EXERCISE DETAILS: What are the lines, word for word, from the line with "Bern, , Bronze, KM:3.1" up to and including the line with "Semi in flames" in the records below? Omit the pictures.

SOURCE DATA Start Marker

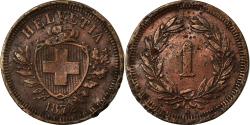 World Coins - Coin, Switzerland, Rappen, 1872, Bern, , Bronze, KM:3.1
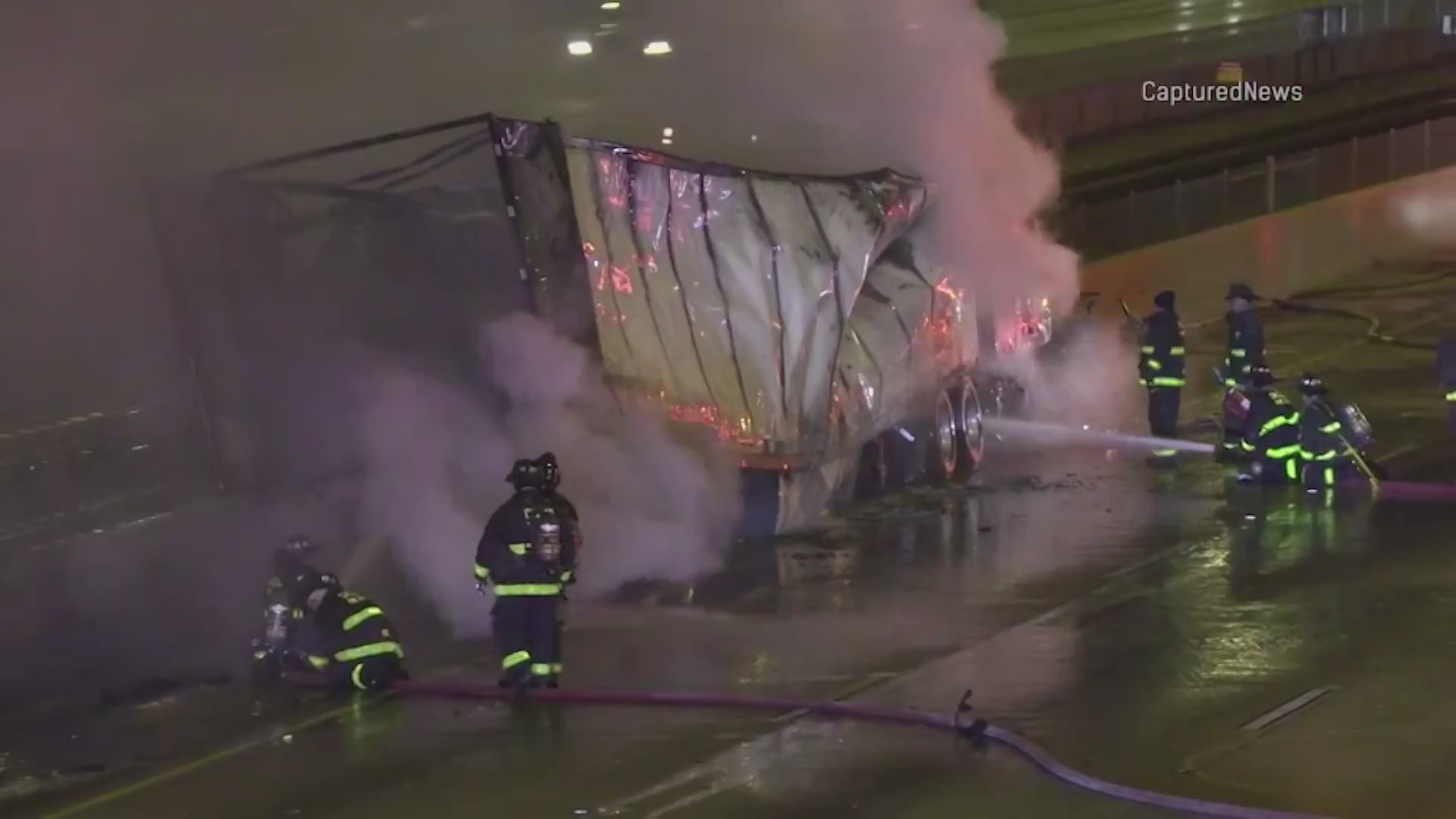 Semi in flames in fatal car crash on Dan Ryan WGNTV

SOURCE DATA End Marker
SOURCE DATA Start Marker

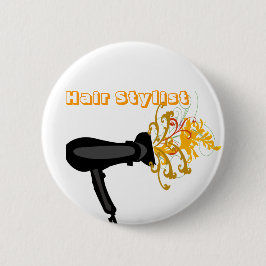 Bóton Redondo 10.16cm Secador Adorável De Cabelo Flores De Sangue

SOURCE DATA End Marker

RESULT OF THE EXERCISE:
 World Coins - Coin, Switzerland, Rappen, 1872, Bern, , Bronze, KM:3.1
 Semi in flames in fatal car crash on Dan Ryan WGNTV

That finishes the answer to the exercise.